Some days are great, others are not...but no matter what twists and turns I encounter, you can be sure I'm going to write about it!

Wednesday, April 28, 2010

Remembering 8.01.2007

Driving into work this morning, I found myself taking a route I've only taken once before. The sun was shining, and the traffic was moving along beautifully (might I add, there's rarely a more frustrating way to start your day than sitting in bumper to bumper traffic, I digress).

As I drove over a bridge, I glanced down at the river. The river's current reminded me how serene yet powerful rivers can be. I looked up, and saw a traffic sign indicating a lane closure on the next highway I was about to enter, and then boom. No, people, I wasn't in an accident. I was hit with a flashback.

Almost three years ago, the 35W bridge collapsed. I was sitting at a bar a block away from the scene, preparing to go to the twins game with a few friends. The moment we had realized what happened, my heart dropped into my stomach. 35W had turned into a sight one only wishes they see in the movies, however, on August 1st of 2007, the devastation was a reality in Minneapolis.

Black smoke was billowing into the sky, and an eerie silence blanketed the area (well, aside from all of the sirens...but even then, the sirens felt silent). Cell phone lines were bogged down from the number of people trying to reach loved ones to make sure they were alright. Millions of hands were held over mouths in disbelief across Minnesota, and the world.


The rest of the night was a blur, and the only positive feeling that evening was when I was reconnected with little man, who had been watched by a friend of mine while I was supposed to be at the twins game.

The bridge was reconstructed in (what feels like) record time.



I've driven over the new bridge a handful of times since its rebirth, but for me, today was the second time driving over the bridge during rush hour. It continues to be a major traffic artery for the metro area.

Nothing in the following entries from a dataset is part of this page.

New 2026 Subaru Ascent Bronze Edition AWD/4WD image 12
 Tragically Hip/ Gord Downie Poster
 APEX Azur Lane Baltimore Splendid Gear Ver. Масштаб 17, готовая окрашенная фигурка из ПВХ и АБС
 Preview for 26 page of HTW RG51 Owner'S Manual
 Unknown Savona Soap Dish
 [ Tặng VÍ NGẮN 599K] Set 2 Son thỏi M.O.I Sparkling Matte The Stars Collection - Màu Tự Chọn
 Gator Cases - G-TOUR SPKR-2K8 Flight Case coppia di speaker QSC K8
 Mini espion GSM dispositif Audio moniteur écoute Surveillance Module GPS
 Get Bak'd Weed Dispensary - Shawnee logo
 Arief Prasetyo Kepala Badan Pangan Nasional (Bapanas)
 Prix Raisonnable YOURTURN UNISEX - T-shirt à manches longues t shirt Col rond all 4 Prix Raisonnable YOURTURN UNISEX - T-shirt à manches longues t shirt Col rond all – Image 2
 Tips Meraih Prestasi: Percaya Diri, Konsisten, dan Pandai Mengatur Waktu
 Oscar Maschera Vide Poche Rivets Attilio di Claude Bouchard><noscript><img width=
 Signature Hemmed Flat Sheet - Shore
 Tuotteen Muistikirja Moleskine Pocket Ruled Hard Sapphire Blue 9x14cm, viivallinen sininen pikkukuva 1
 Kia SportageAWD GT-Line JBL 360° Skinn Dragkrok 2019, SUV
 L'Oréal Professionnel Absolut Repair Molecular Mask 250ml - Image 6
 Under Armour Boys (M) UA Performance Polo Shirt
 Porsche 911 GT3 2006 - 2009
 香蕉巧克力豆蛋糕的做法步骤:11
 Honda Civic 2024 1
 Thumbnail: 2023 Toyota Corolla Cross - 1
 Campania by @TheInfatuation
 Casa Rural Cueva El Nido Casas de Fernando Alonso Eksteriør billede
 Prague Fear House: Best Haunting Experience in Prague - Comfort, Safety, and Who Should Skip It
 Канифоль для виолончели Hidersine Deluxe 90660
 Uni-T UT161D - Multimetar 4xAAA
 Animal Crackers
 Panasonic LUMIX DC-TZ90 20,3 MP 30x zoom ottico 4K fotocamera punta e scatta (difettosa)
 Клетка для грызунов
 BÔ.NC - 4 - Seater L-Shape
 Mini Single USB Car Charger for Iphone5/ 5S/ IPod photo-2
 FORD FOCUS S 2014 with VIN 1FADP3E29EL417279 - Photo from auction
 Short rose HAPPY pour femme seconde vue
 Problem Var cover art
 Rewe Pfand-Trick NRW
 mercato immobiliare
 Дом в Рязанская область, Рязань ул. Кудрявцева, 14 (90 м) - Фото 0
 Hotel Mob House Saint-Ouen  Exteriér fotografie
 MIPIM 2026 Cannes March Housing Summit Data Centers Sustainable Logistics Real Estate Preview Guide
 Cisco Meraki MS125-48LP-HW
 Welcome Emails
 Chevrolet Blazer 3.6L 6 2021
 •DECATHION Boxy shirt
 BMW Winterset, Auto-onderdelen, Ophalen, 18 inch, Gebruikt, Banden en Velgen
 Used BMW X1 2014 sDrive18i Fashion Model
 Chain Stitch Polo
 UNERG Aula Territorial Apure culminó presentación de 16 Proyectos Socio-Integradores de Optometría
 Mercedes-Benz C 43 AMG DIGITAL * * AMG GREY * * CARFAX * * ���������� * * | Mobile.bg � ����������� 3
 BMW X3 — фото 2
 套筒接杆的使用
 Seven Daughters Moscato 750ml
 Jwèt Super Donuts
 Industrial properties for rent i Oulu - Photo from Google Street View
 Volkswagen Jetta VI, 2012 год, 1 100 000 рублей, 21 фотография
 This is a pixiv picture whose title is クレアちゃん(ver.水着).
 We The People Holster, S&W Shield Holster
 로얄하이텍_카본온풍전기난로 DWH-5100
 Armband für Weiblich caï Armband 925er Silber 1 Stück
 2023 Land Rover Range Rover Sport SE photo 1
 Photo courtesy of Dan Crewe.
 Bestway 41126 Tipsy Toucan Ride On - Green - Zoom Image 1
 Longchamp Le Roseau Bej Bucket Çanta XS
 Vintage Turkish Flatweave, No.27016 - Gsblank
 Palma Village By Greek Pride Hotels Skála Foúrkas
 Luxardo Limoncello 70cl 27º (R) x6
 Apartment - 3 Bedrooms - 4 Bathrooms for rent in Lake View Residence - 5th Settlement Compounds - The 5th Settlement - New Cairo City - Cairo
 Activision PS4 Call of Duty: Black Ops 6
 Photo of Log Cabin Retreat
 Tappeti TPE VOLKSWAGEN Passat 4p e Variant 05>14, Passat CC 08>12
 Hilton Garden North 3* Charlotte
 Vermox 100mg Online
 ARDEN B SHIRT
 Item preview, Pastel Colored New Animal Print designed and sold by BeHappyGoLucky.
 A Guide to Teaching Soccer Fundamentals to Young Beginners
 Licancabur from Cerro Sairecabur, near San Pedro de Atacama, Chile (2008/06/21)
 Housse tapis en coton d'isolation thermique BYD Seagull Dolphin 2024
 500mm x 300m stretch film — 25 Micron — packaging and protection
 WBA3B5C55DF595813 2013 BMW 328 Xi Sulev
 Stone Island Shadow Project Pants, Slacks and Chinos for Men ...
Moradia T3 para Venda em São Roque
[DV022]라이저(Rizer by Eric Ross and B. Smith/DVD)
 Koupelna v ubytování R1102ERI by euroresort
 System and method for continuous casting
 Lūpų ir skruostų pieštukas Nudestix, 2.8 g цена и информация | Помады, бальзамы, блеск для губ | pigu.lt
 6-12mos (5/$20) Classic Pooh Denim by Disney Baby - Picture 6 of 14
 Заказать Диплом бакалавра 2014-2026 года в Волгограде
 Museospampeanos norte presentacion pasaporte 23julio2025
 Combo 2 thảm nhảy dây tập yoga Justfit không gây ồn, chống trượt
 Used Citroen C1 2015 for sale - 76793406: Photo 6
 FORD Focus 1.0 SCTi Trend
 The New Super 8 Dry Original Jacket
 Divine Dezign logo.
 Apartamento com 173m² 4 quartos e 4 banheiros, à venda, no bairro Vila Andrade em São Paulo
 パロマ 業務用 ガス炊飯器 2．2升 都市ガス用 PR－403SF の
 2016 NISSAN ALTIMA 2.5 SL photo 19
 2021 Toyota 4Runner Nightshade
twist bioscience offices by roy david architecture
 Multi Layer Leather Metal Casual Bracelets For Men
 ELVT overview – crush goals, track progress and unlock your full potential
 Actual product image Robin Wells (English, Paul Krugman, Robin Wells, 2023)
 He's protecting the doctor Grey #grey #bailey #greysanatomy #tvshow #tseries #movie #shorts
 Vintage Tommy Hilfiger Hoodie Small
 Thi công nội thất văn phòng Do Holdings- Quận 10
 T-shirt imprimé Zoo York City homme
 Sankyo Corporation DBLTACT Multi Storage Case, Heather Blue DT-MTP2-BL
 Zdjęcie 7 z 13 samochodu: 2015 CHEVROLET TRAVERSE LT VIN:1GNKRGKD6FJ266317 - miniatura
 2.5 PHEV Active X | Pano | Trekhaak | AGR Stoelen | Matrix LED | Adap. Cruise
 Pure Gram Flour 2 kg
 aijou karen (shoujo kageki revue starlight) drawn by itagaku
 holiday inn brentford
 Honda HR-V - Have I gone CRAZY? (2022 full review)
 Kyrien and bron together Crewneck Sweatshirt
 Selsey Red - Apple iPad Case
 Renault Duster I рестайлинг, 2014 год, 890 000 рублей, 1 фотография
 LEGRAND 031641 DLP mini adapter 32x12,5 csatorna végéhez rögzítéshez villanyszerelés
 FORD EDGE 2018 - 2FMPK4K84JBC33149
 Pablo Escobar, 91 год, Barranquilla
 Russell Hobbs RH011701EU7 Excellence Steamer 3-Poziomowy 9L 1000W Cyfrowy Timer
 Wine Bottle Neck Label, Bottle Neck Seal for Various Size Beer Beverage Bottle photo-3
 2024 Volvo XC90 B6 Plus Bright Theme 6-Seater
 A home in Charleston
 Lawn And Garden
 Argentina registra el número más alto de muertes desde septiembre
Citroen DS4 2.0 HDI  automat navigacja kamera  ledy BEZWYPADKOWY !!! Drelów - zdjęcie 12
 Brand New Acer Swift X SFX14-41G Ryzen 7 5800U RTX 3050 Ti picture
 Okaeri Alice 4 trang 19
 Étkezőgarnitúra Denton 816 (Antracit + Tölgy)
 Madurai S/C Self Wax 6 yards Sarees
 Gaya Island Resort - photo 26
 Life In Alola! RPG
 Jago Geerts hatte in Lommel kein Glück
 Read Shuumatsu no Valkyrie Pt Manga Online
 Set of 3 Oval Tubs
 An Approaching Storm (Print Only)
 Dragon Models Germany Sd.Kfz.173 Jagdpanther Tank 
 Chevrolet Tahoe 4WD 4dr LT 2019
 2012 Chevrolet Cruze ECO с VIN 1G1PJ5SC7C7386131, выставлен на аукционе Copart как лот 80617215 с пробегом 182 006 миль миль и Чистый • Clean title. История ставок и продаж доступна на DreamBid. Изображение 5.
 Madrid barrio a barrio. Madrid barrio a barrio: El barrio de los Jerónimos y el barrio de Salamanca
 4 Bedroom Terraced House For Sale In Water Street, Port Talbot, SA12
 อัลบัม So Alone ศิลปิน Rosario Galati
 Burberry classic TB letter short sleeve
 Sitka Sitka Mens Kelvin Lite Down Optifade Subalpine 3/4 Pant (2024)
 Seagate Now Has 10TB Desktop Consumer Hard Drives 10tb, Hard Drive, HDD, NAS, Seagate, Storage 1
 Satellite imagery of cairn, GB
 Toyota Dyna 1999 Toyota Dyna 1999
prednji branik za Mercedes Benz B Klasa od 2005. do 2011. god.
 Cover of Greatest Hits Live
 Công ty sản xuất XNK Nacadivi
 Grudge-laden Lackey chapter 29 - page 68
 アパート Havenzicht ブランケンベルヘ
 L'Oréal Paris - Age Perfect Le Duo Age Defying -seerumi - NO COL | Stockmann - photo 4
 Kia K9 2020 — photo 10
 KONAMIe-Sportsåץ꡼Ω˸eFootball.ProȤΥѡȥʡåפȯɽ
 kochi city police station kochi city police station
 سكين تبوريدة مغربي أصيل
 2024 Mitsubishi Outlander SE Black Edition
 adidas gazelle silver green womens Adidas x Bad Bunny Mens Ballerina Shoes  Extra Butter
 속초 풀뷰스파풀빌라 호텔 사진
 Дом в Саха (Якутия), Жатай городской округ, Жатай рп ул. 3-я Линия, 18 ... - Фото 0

I am thankful the city has healed from such a devastating tragedy, but I know one thing....the evening the 35W bridge collapsed is an evening I will never forget.

Friday, April 23, 2010

The Single Parent

Are you a person who is single, and declares they won't date a person if they have kids?
Why?
Have you dated a person with kids before, only to find out they were a hot mess?
Are you under the impression that dating a person with a child isn't fun?
What gives?

Stepping onto my soap box for a moment, I honestly do not understand why some people openly declare they won't date a person with a child. Just because someone has a child doesn't mean they have scales, doesn't mean they're boring, and certainly doesn't mean they're expecting you to become a parent.

I've come across this road block a few times. Friends have openly told me that they can't think of any guys to introduce to me to because they feel men have a hard enough time committing to someone, let alone dating someone that has a child. I call BS.

See, I love my friends...but I feel like they've got it all wrong, after all, not a single friend of mine is also a parent (whoa, that sounds super judgy mcjuderson..but hear me out). I've also run across "Wants" on some online dating sites that openly state "What a man wants in a woman; Kids: NO."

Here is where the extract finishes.